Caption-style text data
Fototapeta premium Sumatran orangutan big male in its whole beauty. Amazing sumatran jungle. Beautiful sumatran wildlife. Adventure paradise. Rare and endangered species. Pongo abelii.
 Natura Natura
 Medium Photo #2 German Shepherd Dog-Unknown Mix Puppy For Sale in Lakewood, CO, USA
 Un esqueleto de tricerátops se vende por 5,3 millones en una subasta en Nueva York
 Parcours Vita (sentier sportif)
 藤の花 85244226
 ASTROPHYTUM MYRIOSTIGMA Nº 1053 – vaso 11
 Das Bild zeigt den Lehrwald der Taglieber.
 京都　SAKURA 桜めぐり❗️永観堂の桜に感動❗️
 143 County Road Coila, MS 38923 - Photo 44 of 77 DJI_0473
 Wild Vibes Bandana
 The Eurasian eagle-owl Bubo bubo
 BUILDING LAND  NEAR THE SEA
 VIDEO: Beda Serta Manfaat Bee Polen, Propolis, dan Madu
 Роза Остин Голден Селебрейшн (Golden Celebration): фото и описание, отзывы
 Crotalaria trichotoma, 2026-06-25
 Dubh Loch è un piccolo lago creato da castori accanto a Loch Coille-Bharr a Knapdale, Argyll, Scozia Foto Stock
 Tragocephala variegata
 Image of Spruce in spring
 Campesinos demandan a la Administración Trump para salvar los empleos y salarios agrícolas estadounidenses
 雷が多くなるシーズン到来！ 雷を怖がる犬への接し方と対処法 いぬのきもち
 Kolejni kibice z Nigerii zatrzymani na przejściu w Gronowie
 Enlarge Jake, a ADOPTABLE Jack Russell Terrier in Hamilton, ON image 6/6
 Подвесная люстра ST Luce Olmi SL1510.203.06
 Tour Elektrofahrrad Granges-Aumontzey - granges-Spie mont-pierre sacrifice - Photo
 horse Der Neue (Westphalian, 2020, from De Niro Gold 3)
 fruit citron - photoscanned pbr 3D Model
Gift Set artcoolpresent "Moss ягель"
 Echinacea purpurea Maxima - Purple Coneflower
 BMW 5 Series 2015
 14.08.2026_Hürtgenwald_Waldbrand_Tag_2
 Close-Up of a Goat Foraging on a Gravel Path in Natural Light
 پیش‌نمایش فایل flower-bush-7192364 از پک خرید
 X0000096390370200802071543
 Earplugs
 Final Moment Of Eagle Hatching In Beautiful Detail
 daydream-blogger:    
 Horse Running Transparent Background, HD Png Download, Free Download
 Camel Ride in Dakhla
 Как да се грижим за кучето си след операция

** Task to carry out **
Each entry above should be written again exactly.

** Reply to the exercise **
Fototapeta premium Sumatran orangutan big male in its whole beauty. Amazing sumatran jungle. Beautiful sumatran wildlife. Adventure paradise. Rare and endangered species. Pongo abelii.
 Natura Natura
 Medium Photo #2 German Shepherd Dog-Unknown Mix Puppy For Sale in Lakewood, CO, USA
 Un esqueleto de tricerátops se vende por 5,3 millones en una subasta en Nueva York
 Parcours Vita (sentier sportif)
 藤の花 85244226
 ASTROPHYTUM MYRIOSTIGMA Nº 1053 – vaso 11
 Das Bild zeigt den Lehrwald der Taglieber.
 京都　SAKURA 桜めぐり❗️永観堂の桜に感動❗️
 143 County Road Coila, MS 38923 - Photo 44 of 77 DJI_0473
 Wild Vibes Bandana
 The Eurasian eagle-owl Bubo bubo
 BUILDING LAND  NEAR THE SEA
 VIDEO: Beda Serta Manfaat Bee Polen, Propolis, dan Madu
 Роза Остин Голден Селебрейшн (Golden Celebration): фото и описание, отзывы
 Crotalaria trichotoma, 2026-06-25
 Dubh Loch è un piccolo lago creato da castori accanto a Loch Coille-Bharr a Knapdale, Argyll, Scozia Foto Stock
 Tragocephala variegata
 Image of Spruce in spring
 Campesinos demandan a la Administración Trump para salvar los empleos y salarios agrícolas estadounidenses
 雷が多くなるシーズン到来！ 雷を怖がる犬への接し方と対処法 いぬのきもち
 Kolejni kibice z Nigerii zatrzymani na przejściu w Gronowie
 Enlarge Jake, a ADOPTABLE Jack Russell Terrier in Hamilton, ON image 6/6
 Подвесная люстра ST Luce Olmi SL1510.203.06
 Tour Elektrofahrrad Granges-Aumontzey - granges-Spie mont-pierre sacrifice - Photo
 horse Der Neue (Westphalian, 2020, from De Niro Gold 3)
 fruit citron - photoscanned pbr 3D Model
Gift Set artcoolpresent "Moss ягель"
 Echinacea purpurea Maxima - Purple Coneflower
 BMW 5 Series 2015
 14.08.2026_Hürtgenwald_Waldbrand_Tag_2
 Close-Up of a Goat Foraging on a Gravel Path in Natural Light
 پیش‌نمایش فایل flower-bush-7192364 از پک خرید
 X0000096390370200802071543
 Earplugs
 Final Moment Of Eagle Hatching In Beautiful Detail
 daydream-blogger:    
 Horse Running Transparent Background, HD Png Download, Free Download
 Camel Ride in Dakhla
 Как да се грижим за кучето си след операция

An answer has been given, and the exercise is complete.